We’ve been driving a lot more than usual lately because my wife is pregnant – or was, at the time of writing. Her due date is today. We don’t know if the little critter is a boy or a girl but one thing’s for certain: it’s a cyclist. It whirrs its little legs at an alarming rate. It has to be seen to be believed: my wife’s belly moves about like a sack of fighting puppies. A bicycle frame was clearly visible on the scan. A chip off the old block.
Driving has made me realise what a load of Jekyll and Hyde lot drivers are. In Dr Jekyll mode, drivers love to let you out of a side road with a magnanimous flash of the headlights. When they are nice, they are very, very nice, but – what shockers they are in Mr Hyde mode.
We were cruising over Magdalen Bridge at a sedate 20mph. The driver behind us had spent the past few minutes tail-gating along St Clement’s, and was clearly itching to overtake. The road widened into two lanes as we passed Magdalen College. I took the right lane for Longwall Street, and he sped past us in the left lane for High Street. Suddenly, he pulled into our lane, right in front of us. Cue harsh braking.
It is amazing what dangerous nutcases some drivers and cyclists can be, yet if you open the paper, all you read is rants against the cyclists. “Most Oxford cyclists are habitual lawbreakers” alleges one.
But do you actually know anyone who never speeds, to name a law most drivers and motorcyclists break now and again? Would you rather a bike or a car jumped a red light in front of you?
Having said that, I do sympathise. I am dismayed when I see cyclists breaking the law and riding dangerously. In fact, I have tried to persuade both Thames Valley Police and the county council to adopt a “Bike Polite” programme for Oxford.
“Bike Polite” would educate cyclists with messages about not jumping red lights, not riding on pavements and so on, backed up by a media campaign and web resources.
Under a “Bike Polite” scheme, officers would police cyclist misbehaviour blackspots and give miscreant cyclists a “Bike Polite” lecture or a leaflet, and a fine if necessary.

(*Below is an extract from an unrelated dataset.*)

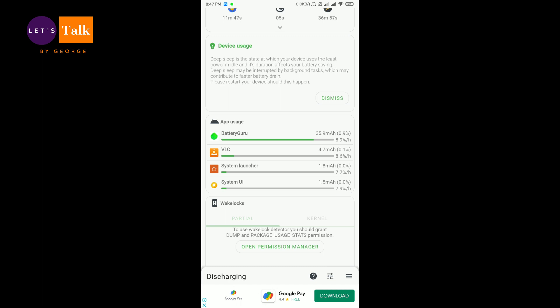because normally what happens is after quite one or two years or two or three months, your Android phone starts to have performance issues related to power. It will start to drain your battery excessively.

I spoke to the senior officer in charge of road safety policing across the entire Thames Valley.
He made it clear that his priority was to reduce the numbers of people killed and seriously injured (KSI) on the region’s roads.

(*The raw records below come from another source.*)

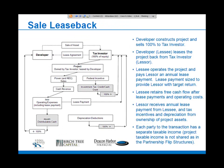Within the sale leaseback structure, the developer constructs the project and sells it outright to the tax investor. The developer then leases back the project and makes lease payments to the lessor. The lessee — the developer — operates the project and pays the lessor an annual lease payment sized to provide the lessor with a target return. The lessor receives the annual lease payment from the lessee along with tax incentives and depreciation from ownership of the project, so the lessor gets all the tax benefits.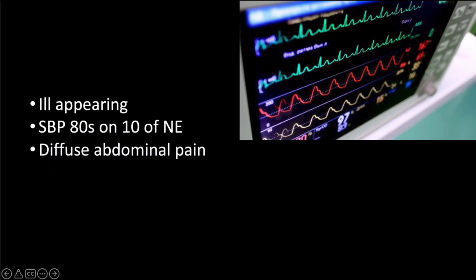Upon arrival to the emergency department, the patient was found to be extremely ill appearing. He had a blood pressure in the mid-80s even on 10 of norepinephrine, which had been started by his rehab hospital. His physical exam displayed diffuse abdominal pain and distension. The patient arrived critically ill to the emergency department.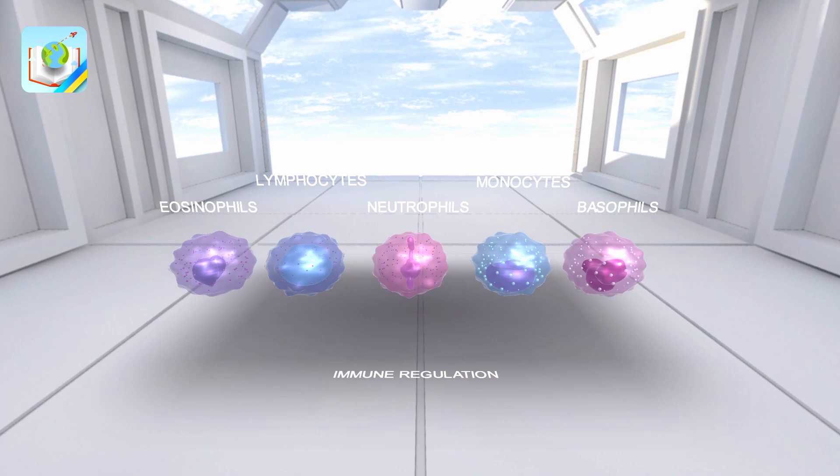The second level of immune regulation is the cellular level. Click on the lymphocytes. Basic elements of cell regulation are different groups of leukocytes: lymphocytes, monocytes, neutrophils, etc. In the case of illness, there are the most of them in the organism.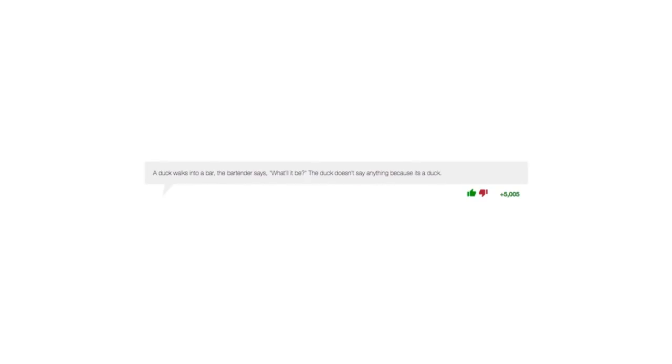What did Batman say to Robin before they got in the car? Get in the car. How do you wake up Lady Gaga? You set an alarm for a reasonable hour.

Riding on pavements and jumping red lights, he accepted, are a bit of a nuisance, but given that more than 99 per cent of KSIs are caused by drivers not cyclists, he could not justify diverting any resources from policing drivers.
It is obvious why the police are reluctant with naughty cyclists. And even if they did, more than 10,000 motorists in the UK are still driving despite having 12 or more penalty points, by convincing courts they would suffer “exceptional hardship” if banned from driving.
Could you claim you’d suffer “exceptional hardship” without your bike? I know I could.